Work required
Pictures stay out of the copy; set down each line of the listing below exactly.
Information shown: Begin
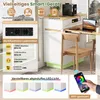 STILVORA Kücheninsel mit Rollen und ausziehbarem Produktbild-Vorschau 8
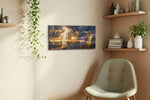Empowering Horizons motivational canvas print in a living room scene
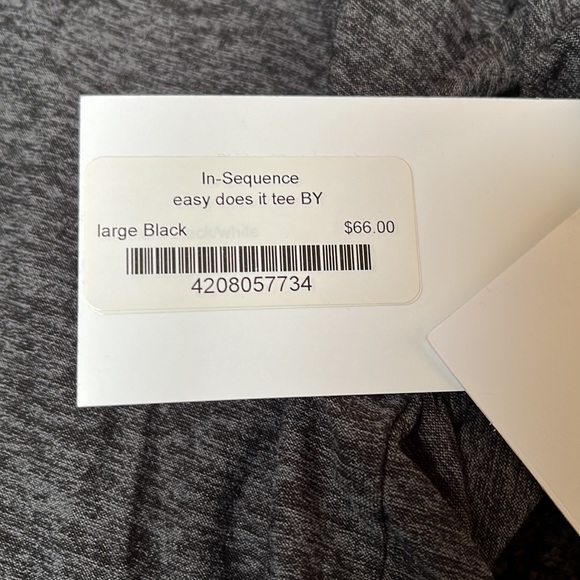 NWT Beyond yoga Black easy does it tee - Picture 7 of 7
Information shown: End
Written response
 STILVORA Kücheninsel mit Rollen und ausziehbarem Produktbild-Vorschau 8
Empowering Horizons motivational canvas print in a living room scene
 NWT Beyond yoga Black easy does it tee - Picture 7 of 7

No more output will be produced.